(Source data)
::::

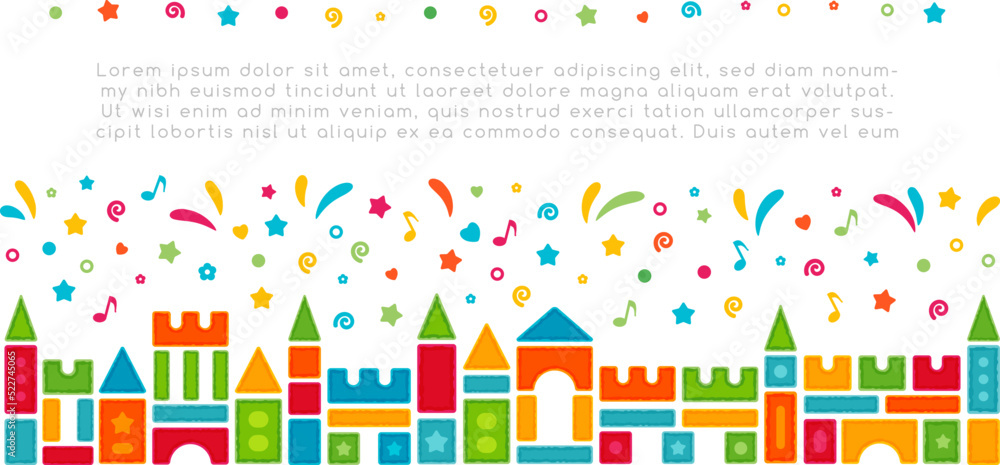 Kids castle from colorful toy blocks with festive confetti. Horizontal border. Child's vector decoration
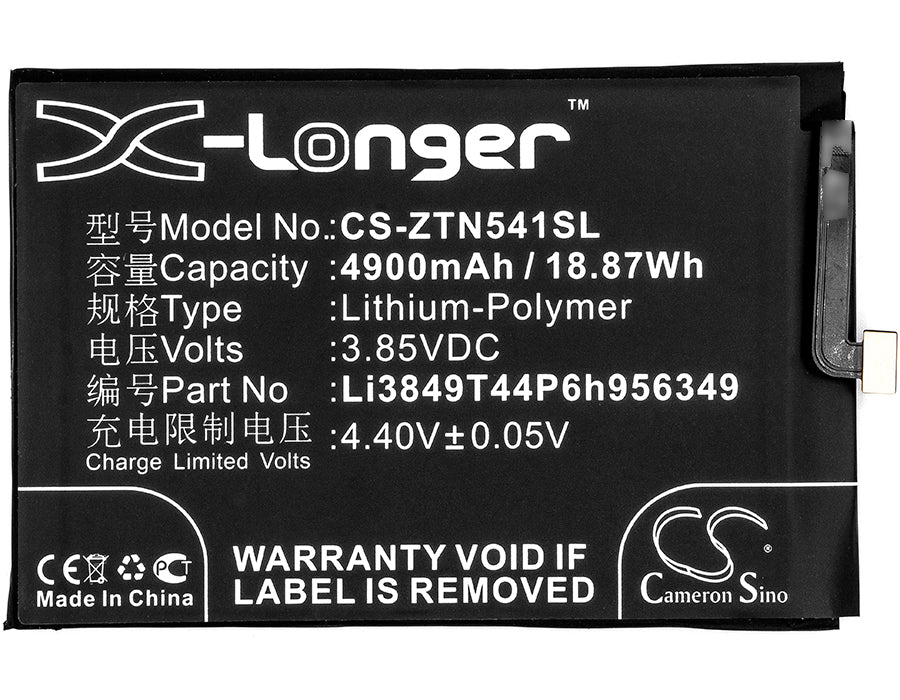 Replacement Battery for Nubia  N1 – Mobile, SmartPhone – 4900mAh / 18.87Wh / 3.85V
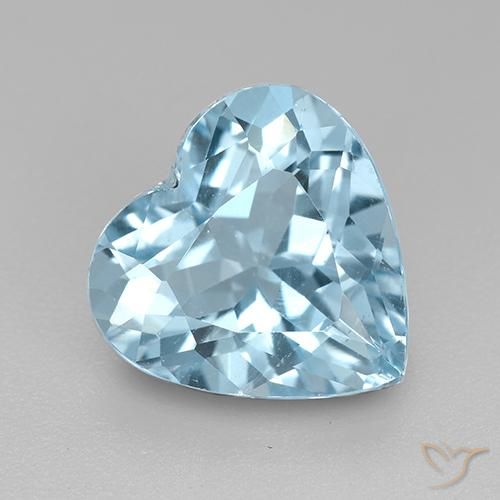 3.84ct Naturel Bleu ciel Topaze, Cœur, VVS-VS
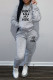Grey Casual Letter Print Patchwork Hooded Collar Long Sleeve Two Pieces
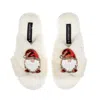 Laines London Women's Neutrals / White Classic Laines Christmas Collection Slippers With Double Red Gonk Brooches  In White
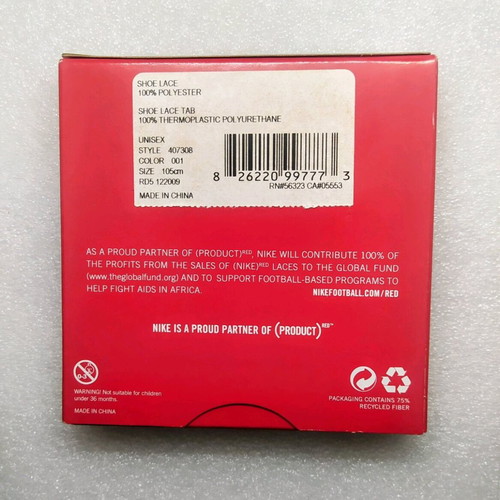 Nike Lace Up 2 Save Lives shoelaces new, red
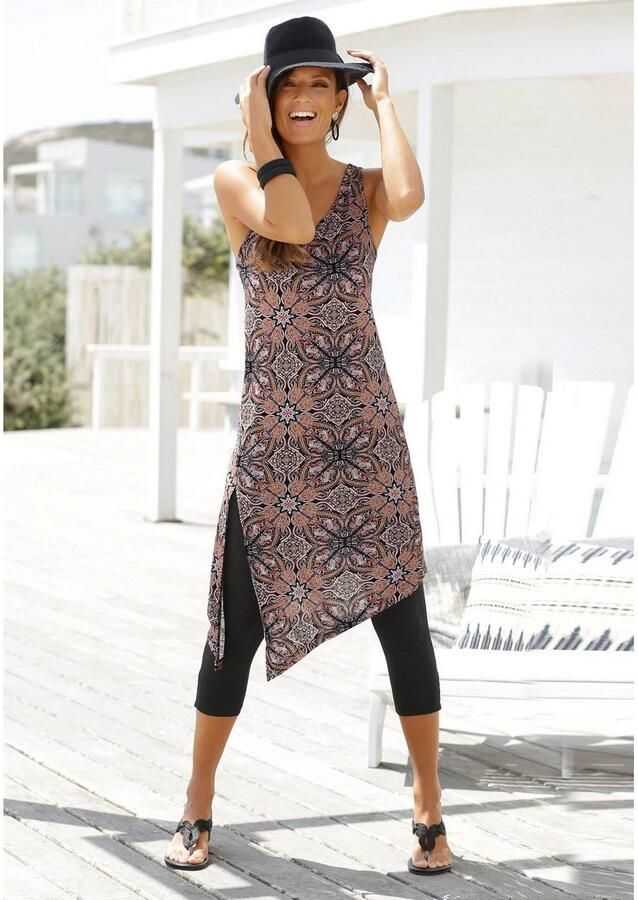 Beachtime Lange top met alloverprint en split zomerjurk strandjurk (set Met legging) - Foto 3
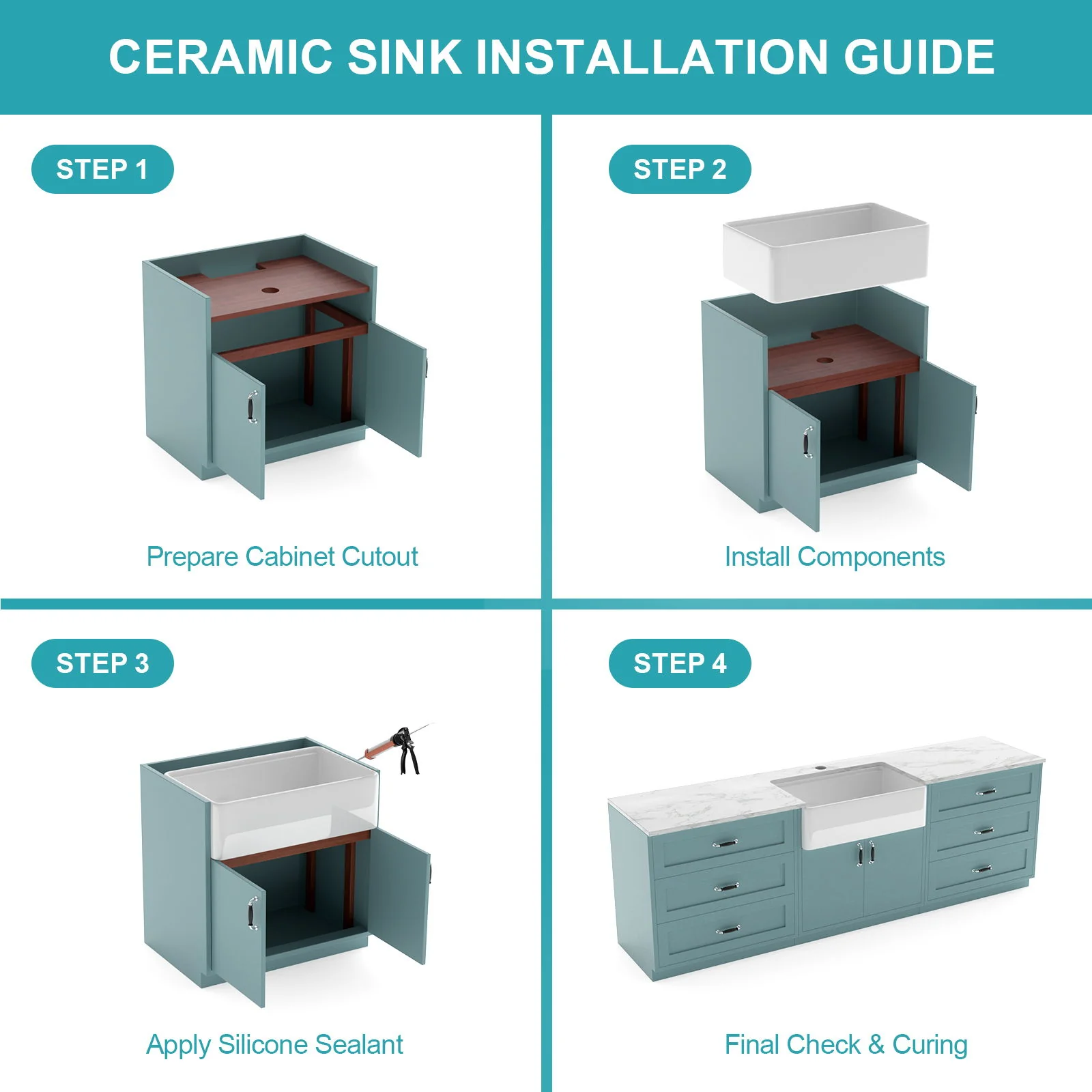 Double Bowl Sink Workstation - White - Image 2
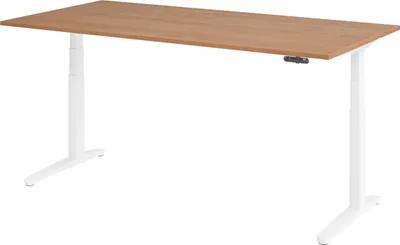 Produktbild von bümö Schreibtisch elektrisch XBHM - Nachbildung: Nussbaum, Größe:  200 x 100 cm, Gestell: Weiß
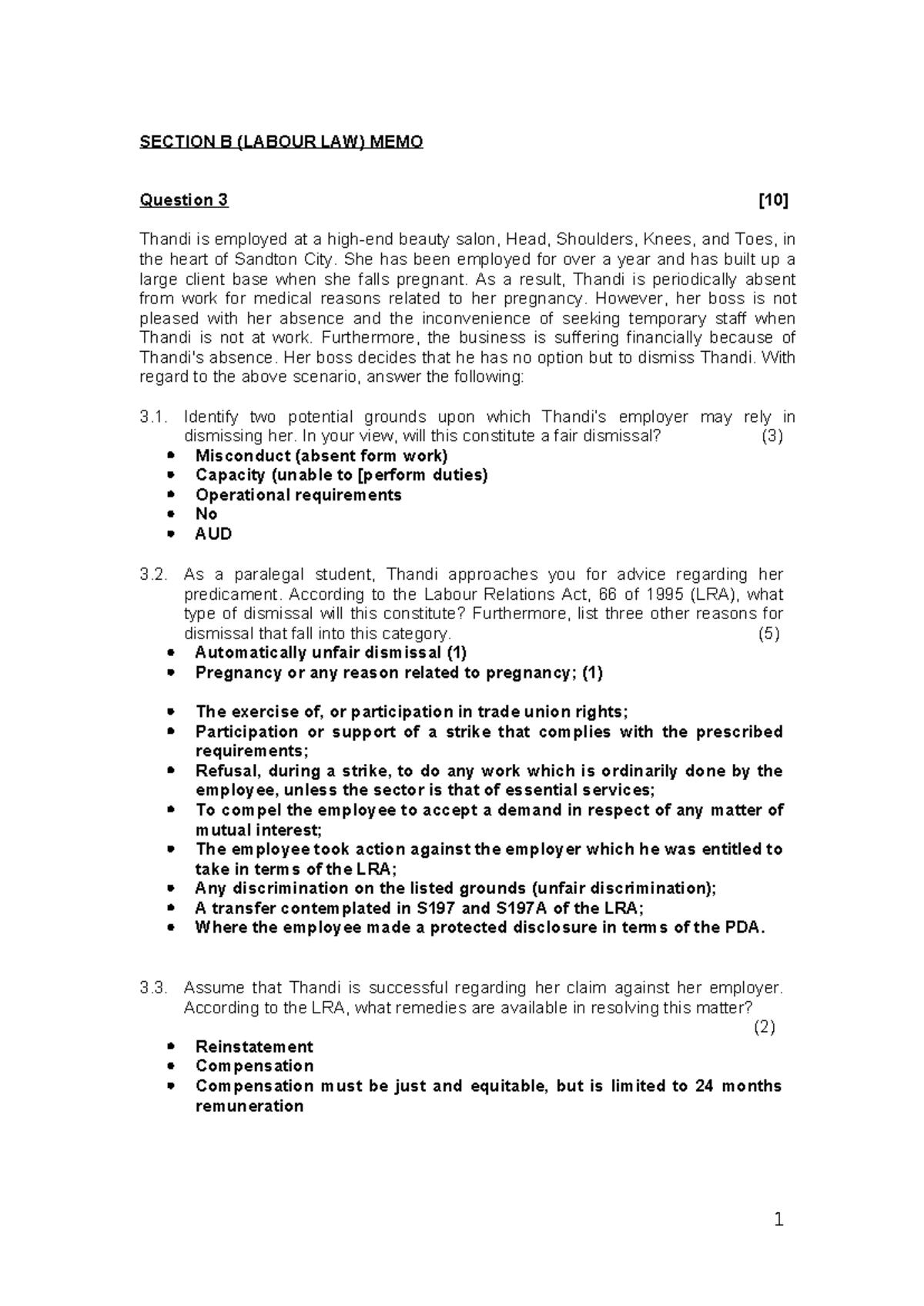Labour Law 2023: Section B Memo on Dismissal and Unfair Practices - Studocu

::::

* [REQUIREMENT]:
If a line comes after the line with "3.84ct Naturel Bleu", it stays out; print exactly every line from the start of the entries up to and including that line, but no pictures.

* [RESPONSE]:
 Kids castle from colorful toy blocks with festive confetti. Horizontal border. Child's vector decoration
 Replacement Battery for Nubia  N1 – Mobile, SmartPhone – 4900mAh / 18.87Wh / 3.85V
 3.84ct Naturel Bleu ciel Topaze, Cœur, VVS-VS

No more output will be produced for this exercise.